## Exercise directions
Only the lines from the line that contains "vidaXL Hochbeet Hellbraun" through the final line of the entries below belong in your answer, copied exactly and without pictures.

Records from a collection
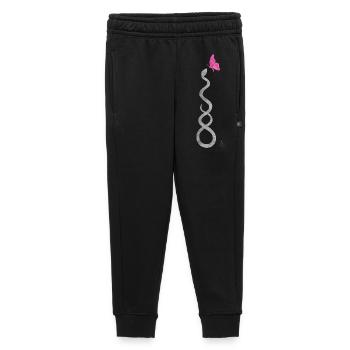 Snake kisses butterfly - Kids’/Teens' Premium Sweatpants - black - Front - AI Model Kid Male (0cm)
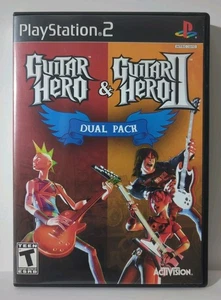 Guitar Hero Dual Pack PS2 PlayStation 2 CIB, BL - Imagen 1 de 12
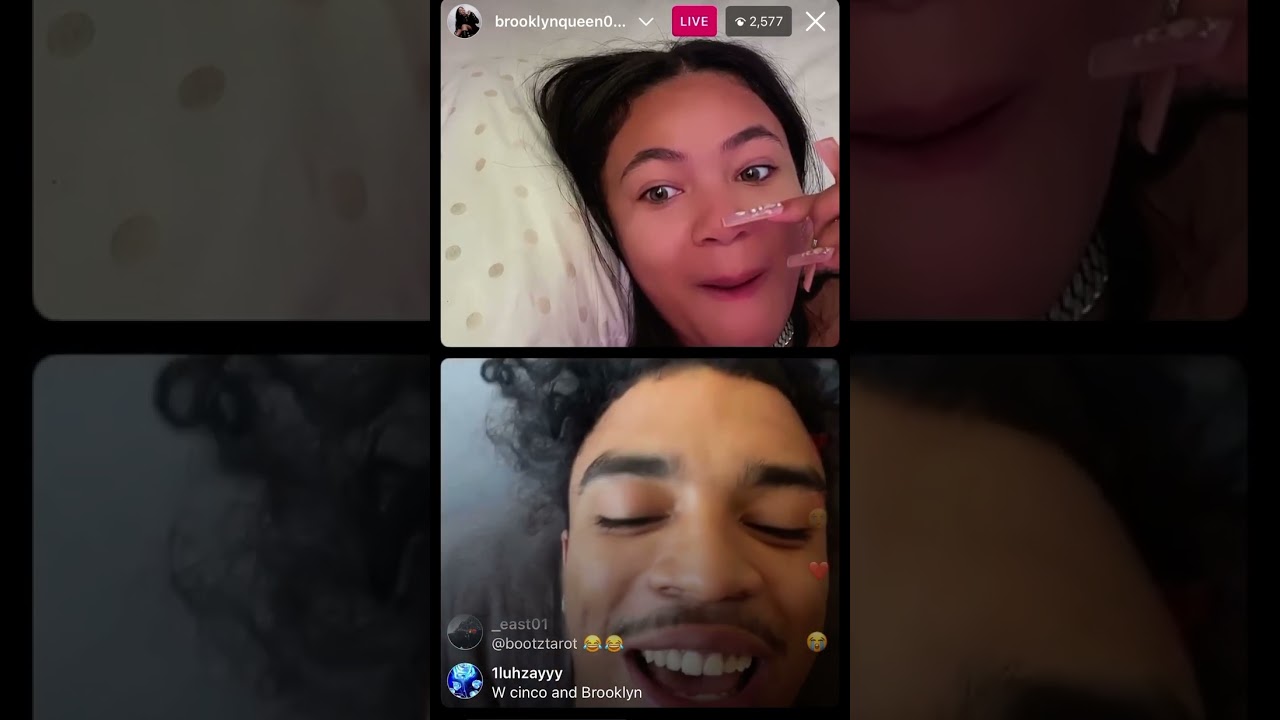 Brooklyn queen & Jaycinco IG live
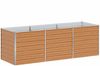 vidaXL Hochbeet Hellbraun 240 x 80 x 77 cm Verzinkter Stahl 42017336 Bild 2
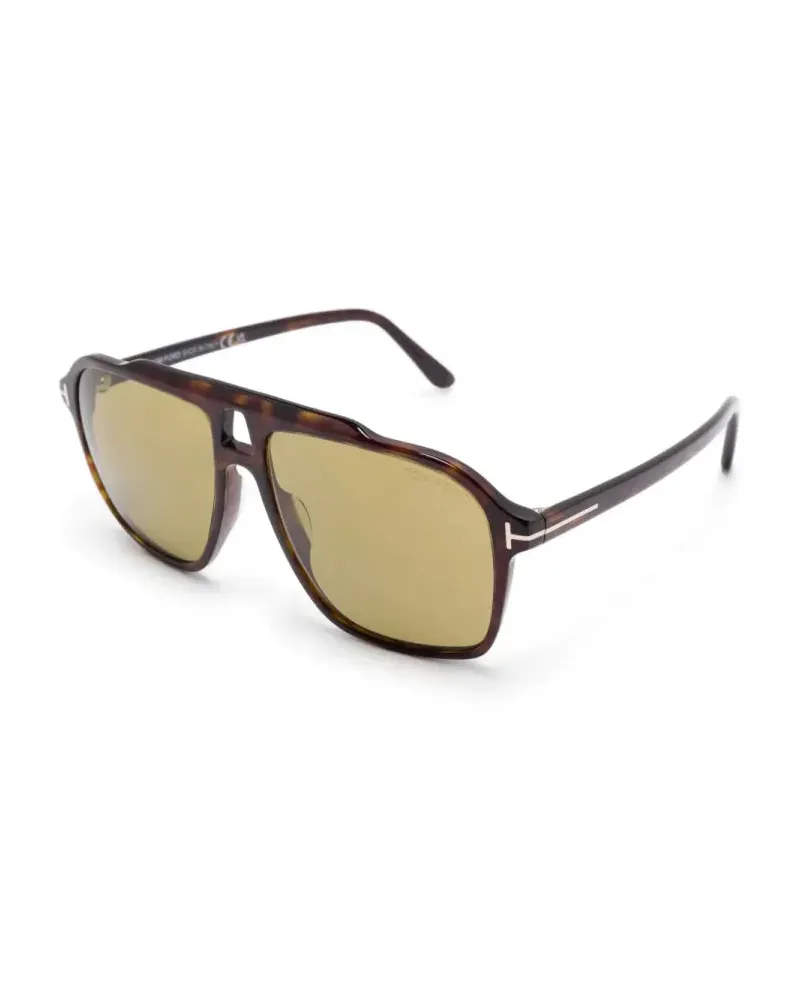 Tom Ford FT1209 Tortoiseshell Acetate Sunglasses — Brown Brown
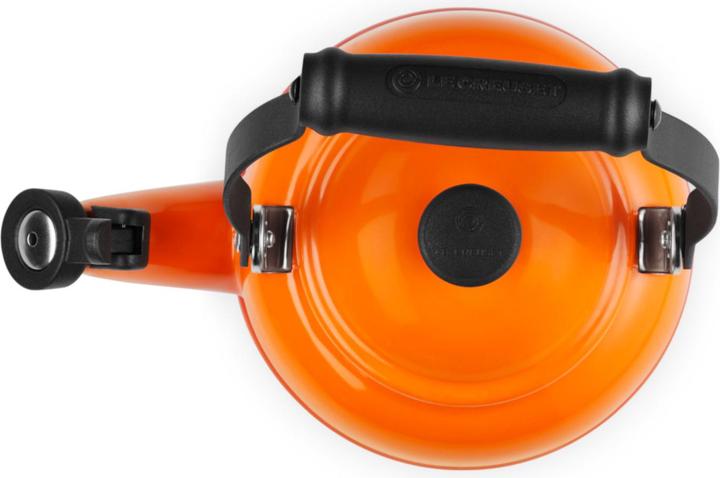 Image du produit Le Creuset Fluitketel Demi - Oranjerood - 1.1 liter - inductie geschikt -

## Solution for this task
 vidaXL Hochbeet Hellbraun 240 x 80 x 77 cm Verzinkter Stahl 42017336 Bild 2
 Tom Ford FT1209 Tortoiseshell Acetate Sunglasses — Brown Brown
 Image du produit Le Creuset Fluitketel Demi - Oranjerood - 1.1 liter - inductie geschikt -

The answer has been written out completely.